▶ **RECORD EXCERPTS**:
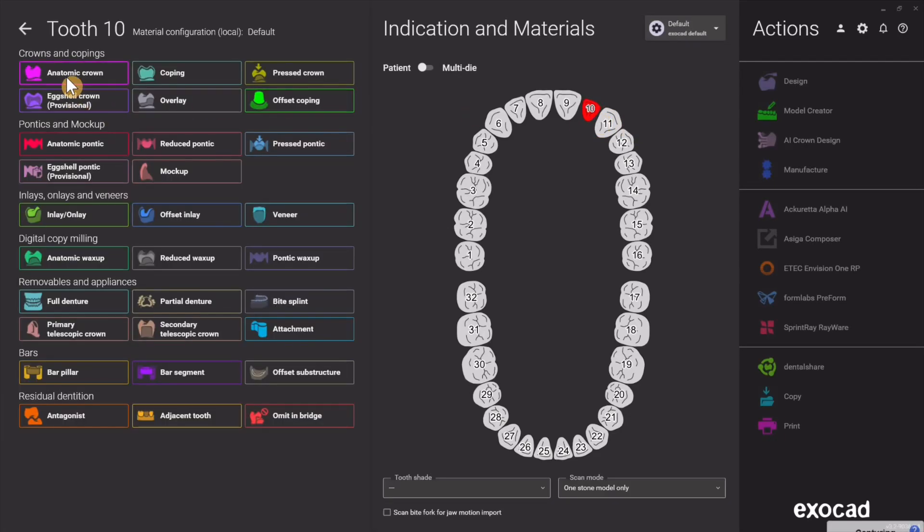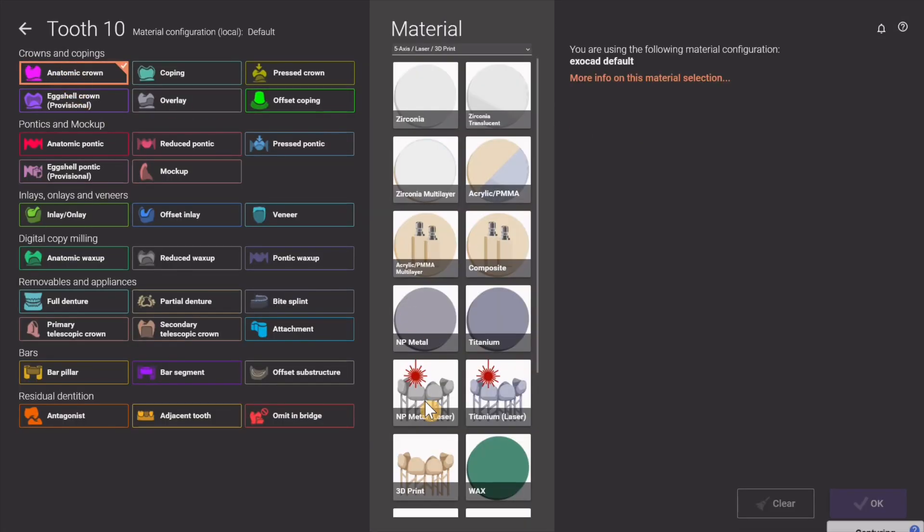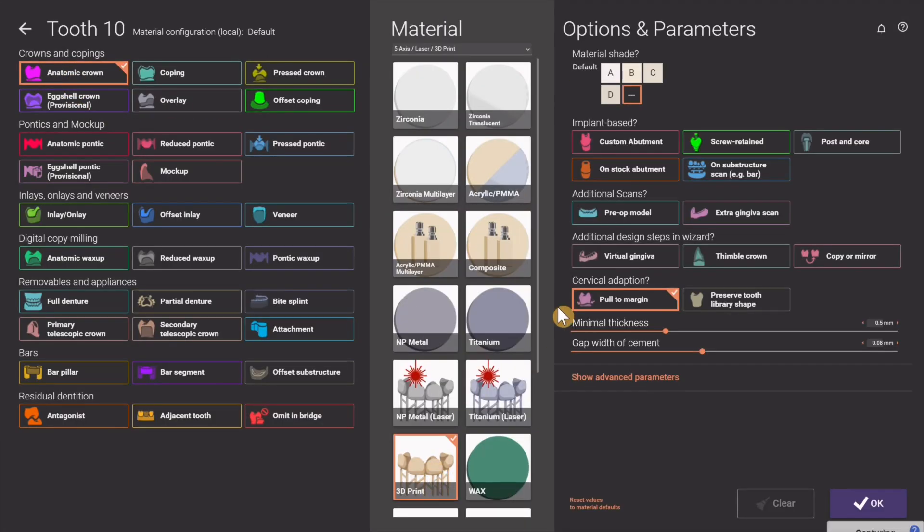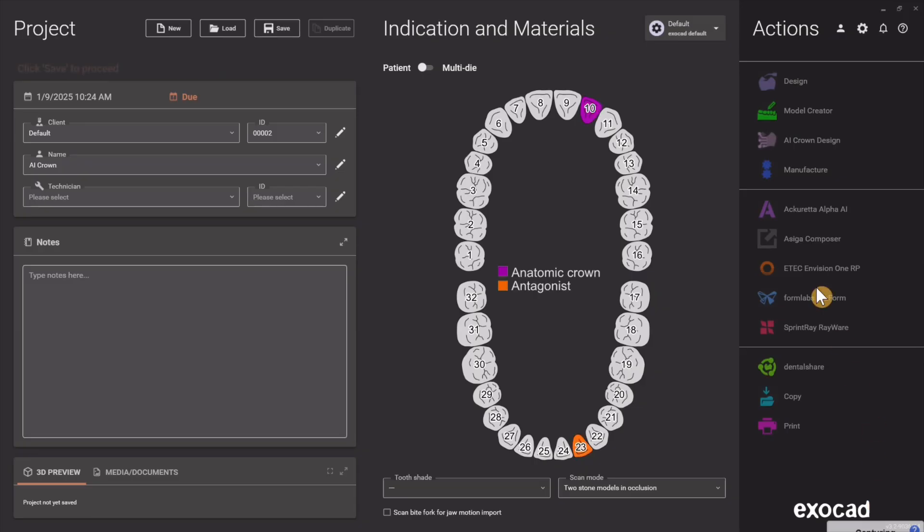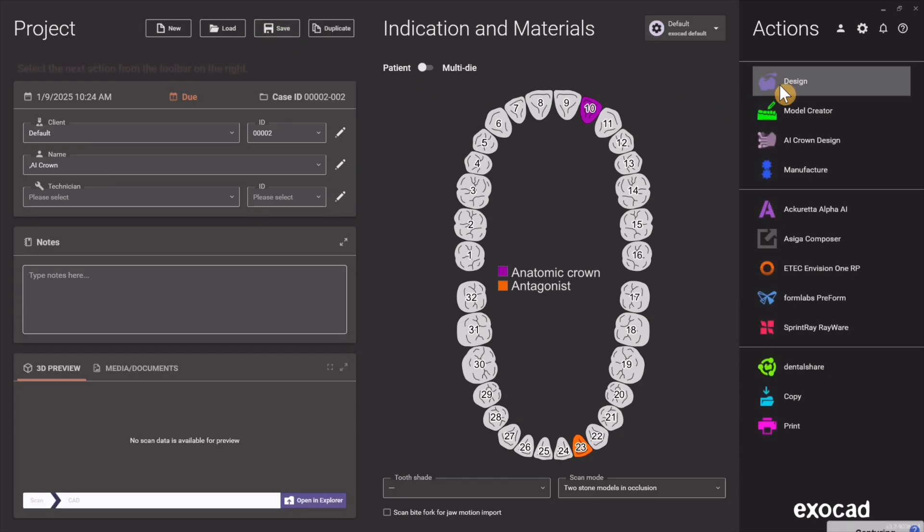Exocad AI Implant Crown Design. It's more like AI-assisted here. We're going to go ahead and hit Anatomic Crown Screw Retained and Scan Body Scan, then hit Save and then Design.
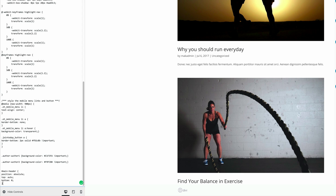I've gone ahead and added my CSS code and it's right here at the bottom. If you'd like to follow along step by step with this tutorial, you can find the CSS code and also the JavaScript code used throughout this tutorial on the post which I've linked in the show notes below.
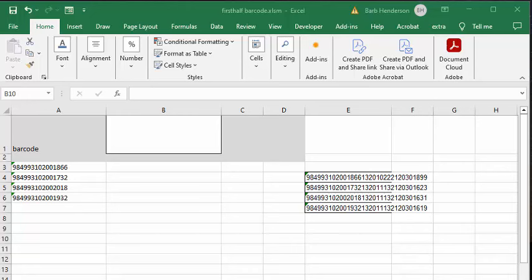In this video, I'm going to show you how you can compare the first half of the product that's scanned in to the product that's on your list.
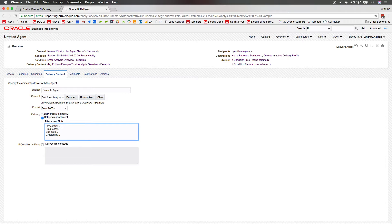In the Attachment Notes section, we can specify any text that should appear in the email body. Typically, I'll include a description of the report, the frequency that it'll be delivered on, if there's an end date set, and who it's created by — in case the recipient wants an update to the report or agent.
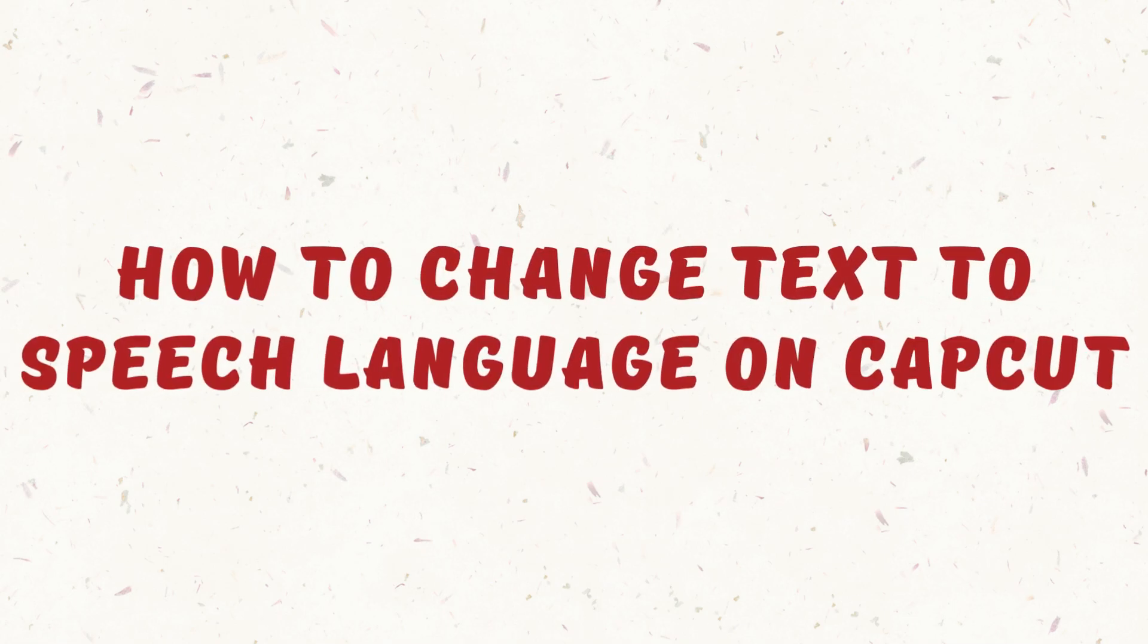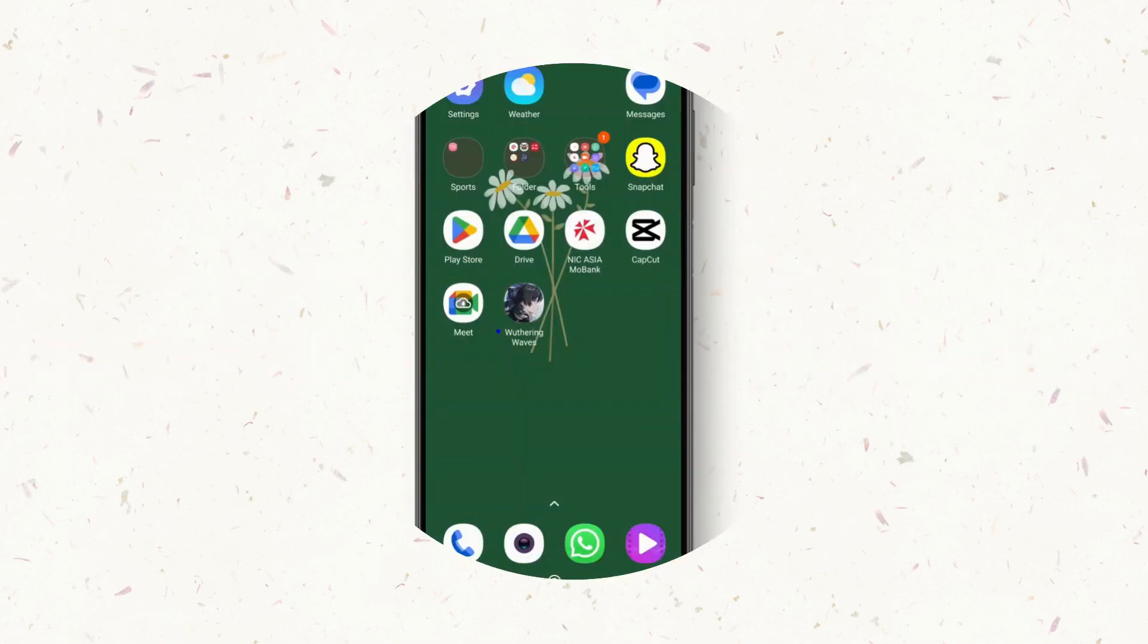How to change text to speech language on CapCut. Hello everyone, welcome to this channel. I'm Emily and I'm here to help you out today. So without any delay, let's get started.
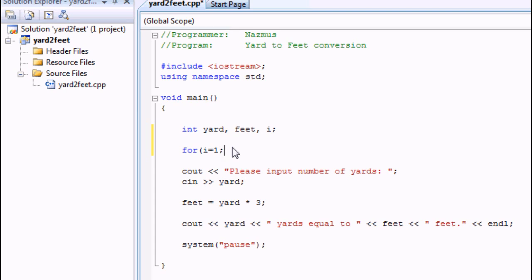I'm going to end that. And right next to it I'm going to put i is less than or equal to three. I'm going to end that again. And then i equals to i plus one.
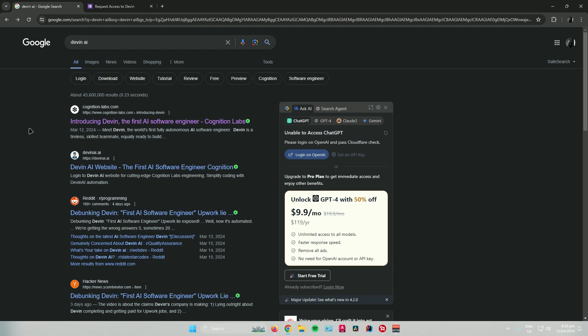So first, open up your web browser and search up for Devon AI. And then, click on the first link that will pop up.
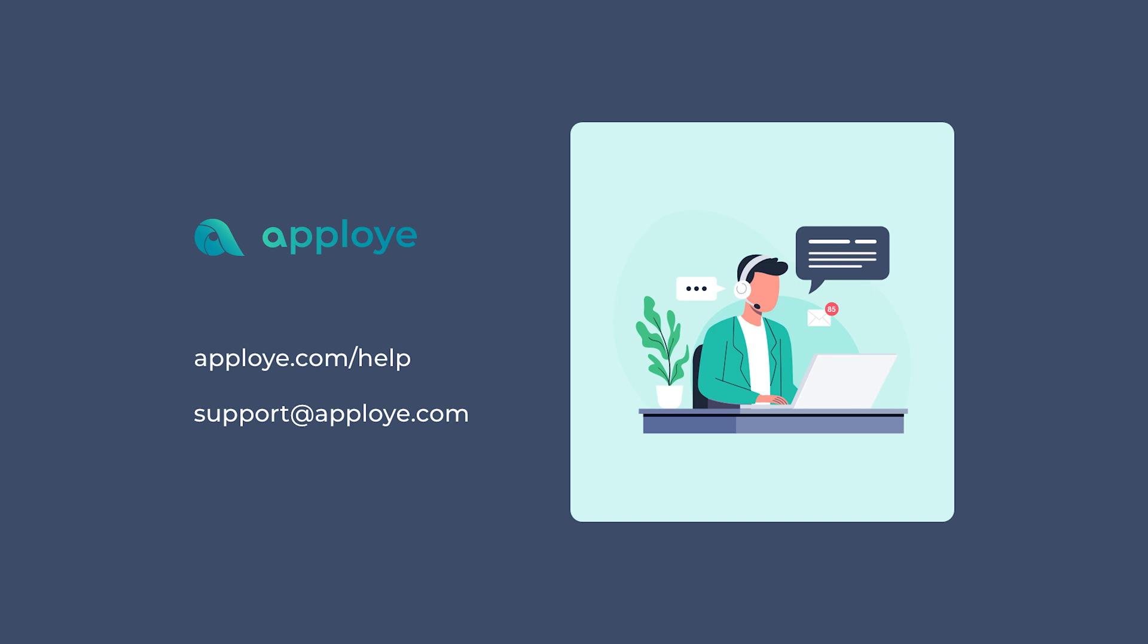There it is, you are good to go. Enjoy tracking time with Aployee. If you have any queries, feel free to browse our knowledge base from aployee.com/help or contact us at support@aployee.com.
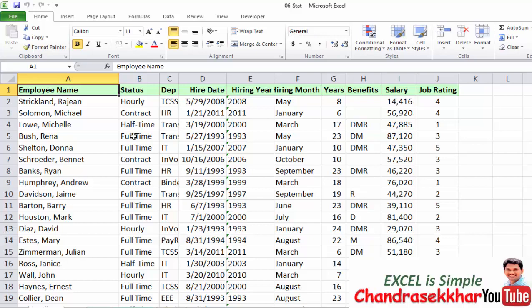The advantage of Pivot Tables is that you don't need to apply complex formulas. Previously, we used SUMIF and COUNTIF formulas to extract particular data. With Pivot Tables, we can summarize and extract the required data details much more easily.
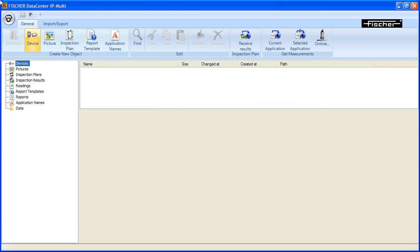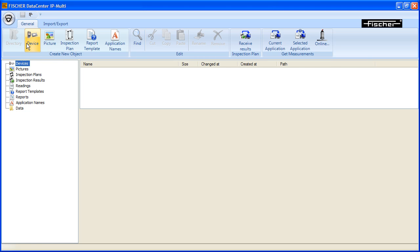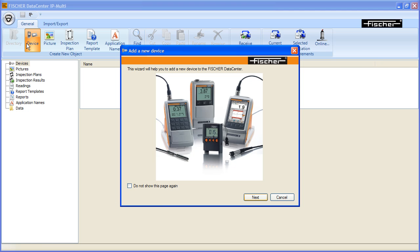After opening the Fischer Data Center software, click the Device button from the menu bar. The setup wizard opens with a brief information. Click Next.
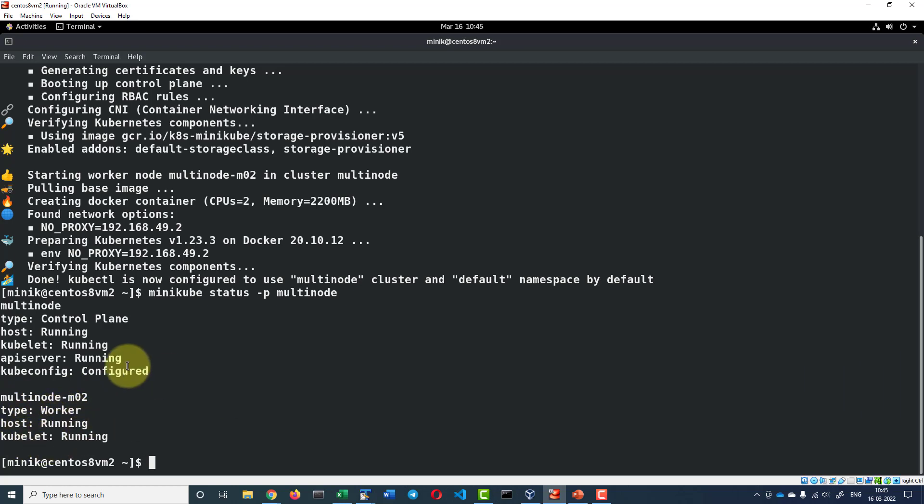Since the multi-node node is a control plane and that is going to act like a master, the API server got configured over there.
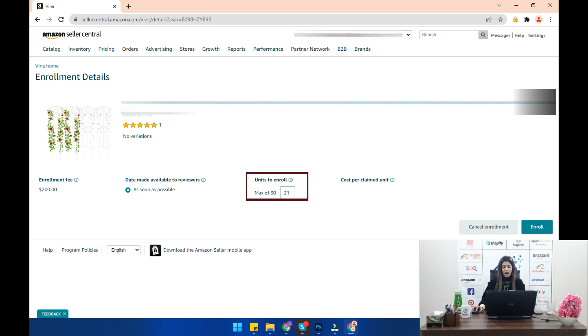After registering the ASIN, keep tracking the progress through the enrollment detail page by selecting the Detail button.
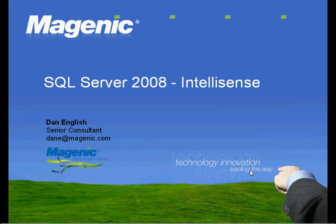My name is Dan English. I am a Magenix Senior BI Consultant out of the Minneapolis office. Today we're going to look at SQL Server 2008 IntelliSense.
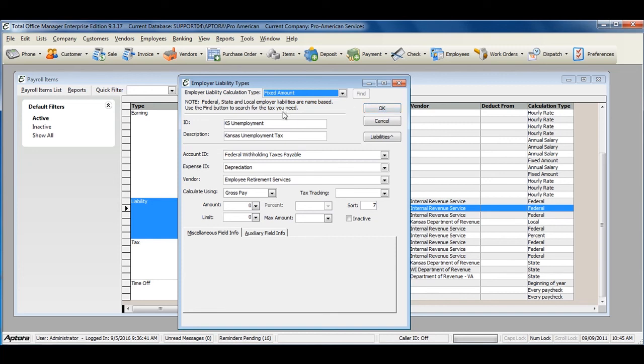For more information about employer liability payroll items, click the F1 button and read the help topic on payroll item employer liabilities.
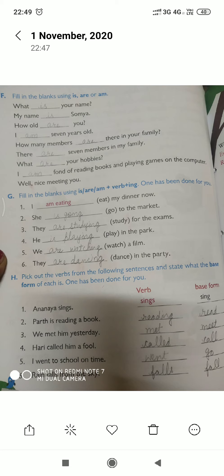'We met him yesterday.' Here 'met' is the verb and its base form is 'meet'. 'Harry called him a fool.' Here 'called' is the verb and its base form is 'call'. 'I went to school on time.' Here 'went' is the verb and its base form is 'go'. 'Ram falls from the sky.' Here 'falls' is the verb and its base form is 'fall'. Thank you, have a nice day.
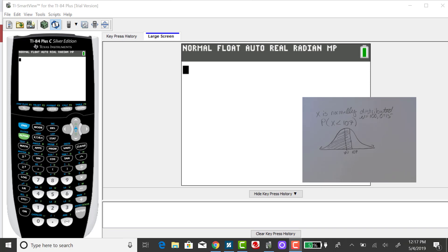I'm going to use the TI-84 to find the probability that a random variable that is normally distributed with a mean of 100 and a standard deviation of 15 is less than 107.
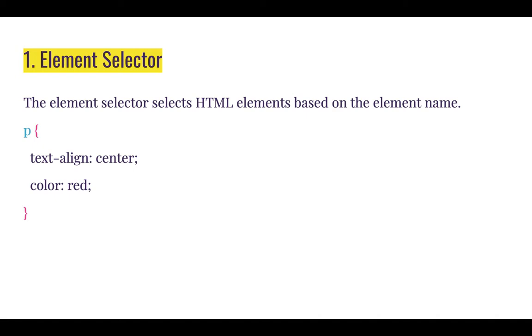In the example below, we are styling all paragraphs in our HTML documents and that is why we have used the p element's name.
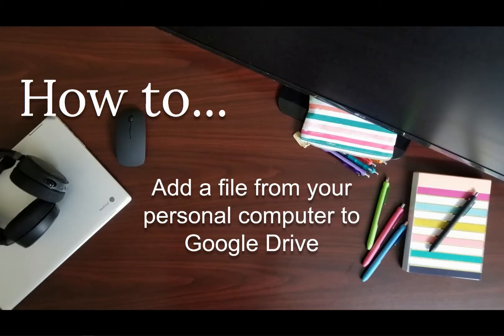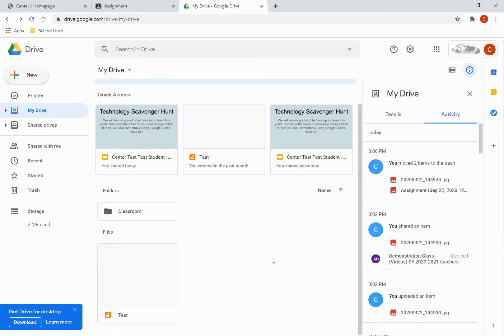This video will show you how to add a file from your personal computer to Google Drive. You can add a file in two different ways to your Google Drive from your personal computer.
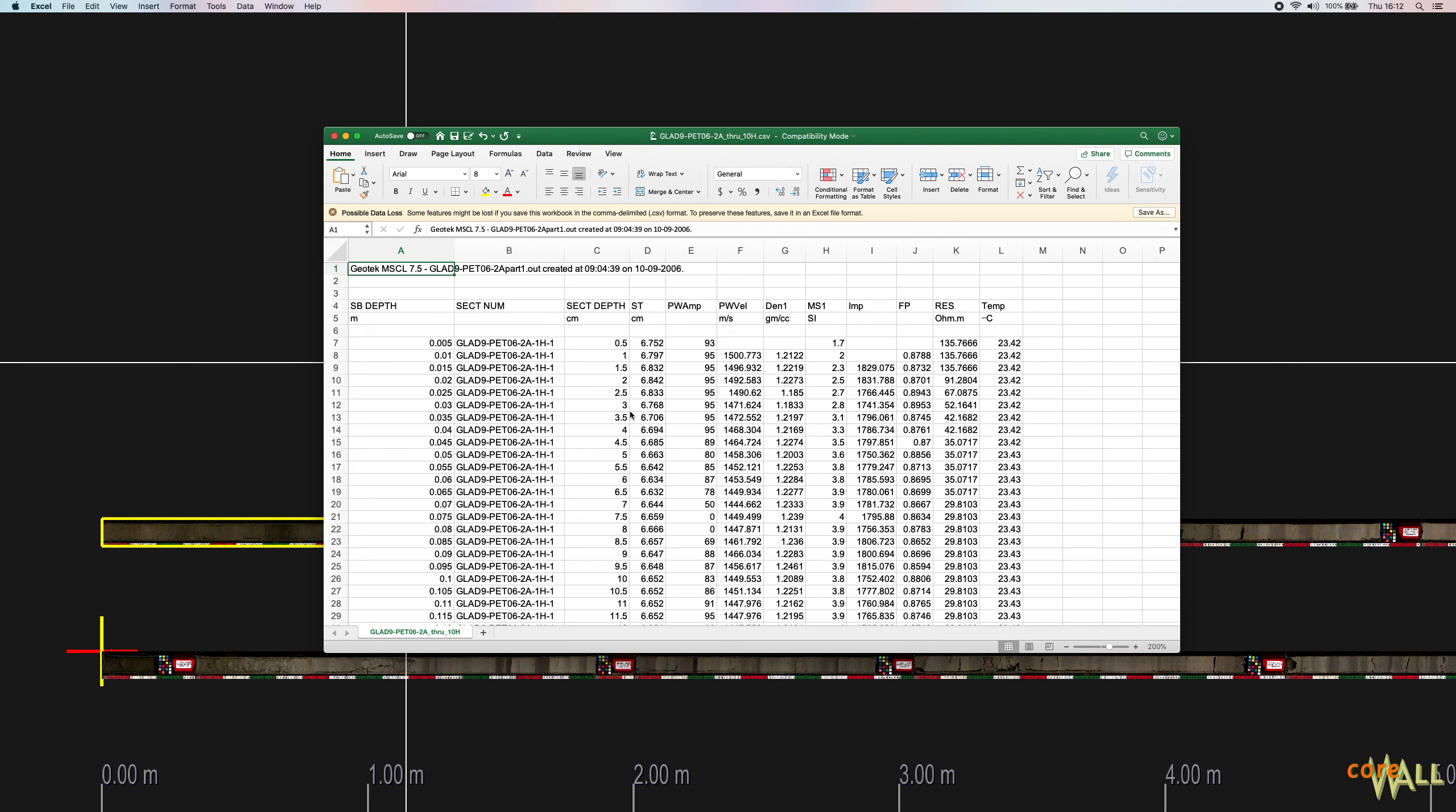This tutorial describes the import and conversion of core section data to an XML data format so it can be plotted in Coralizer.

▶ **WHAT IS NEEDED**:
In the listing above, find the line containing "Since the multi-node" and the line containing "After registering the", then return both of them and every line between, exactly, without pictures.

▶ **EXERCISE RESPONSE**:
Since the multi-node node is a control plane and that is going to act like a master, the API server got configured over there.
After registering the ASIN, keep tracking the progress through the enrollment detail page by selecting the Detail button.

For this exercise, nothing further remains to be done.